We have recently launched a consultation on a new initiative: the European Area for Skills and Qualifications, which we hope will help to further increase flexibility and transparency in this area. Our starting point is that all Europeans should be able to have their competences and qualifications quickly recognised when they want to move to a new job or to further learning, within their country or across borders. The public consultation is now open until April to collect the views of stakeholders.

[Youth Guarantee]

And finally, the report serves to underline why the highest priority for policy-makers at all levels, from EU to local government, and for all actors must be on tackling youth unemployment. Its effects are the biggest legacy of the financial crisis, and the most difficult to overcome. That is why the Commission is making an unprecedented effort to help Member States to address the situation.

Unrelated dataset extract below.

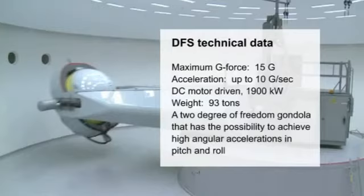The DFS accelerates up to 10 G per second and is used for aircrew training, man-machine integration, medical research and evaluation, and for tests of pilot equipment.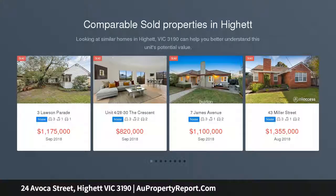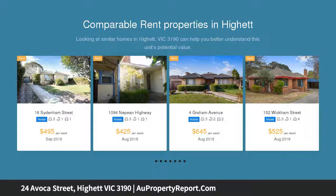Enjoying tranquil, uninterrupted outlooks of the green open spaces opposite, this neat and tidy 3 bedroom home is being offered for the first time. Loved by the same owners since new, it is ready for its next chapter and a new family to embrace.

I already mentioned Erasmus+. In addition, the Commission is urging all Member States to provide all young people with opportunities for good-quality employment, continued education, apprenticeship or a traineeship offer within four months of leaving school or becoming unemployed: the so-called Youth Guarantee. The European Social Fund can be used for this. And in those areas where youth unemployment rates exceed 25%, the Youth Employment Initiative offers additional funding where it is most needed to implement the Youth Guarantee.

Ultimately the responsibility for education, skills and employment policies lies at national level. The EU can - and does - act as an initiator and driver of change through dialogue, evidence-based policy, funding and country specific policy recommendations. To fulfil this role, we need good, reliable data and information. The McKinsey report brings a valuable contribution to our knowledge base.

Thank you.

1 :

CEDEFOP, Roads to recovery: three skill and labour market scenarios for 2025 , Briefing Note, June 2013. The data refer to the baseline scenario.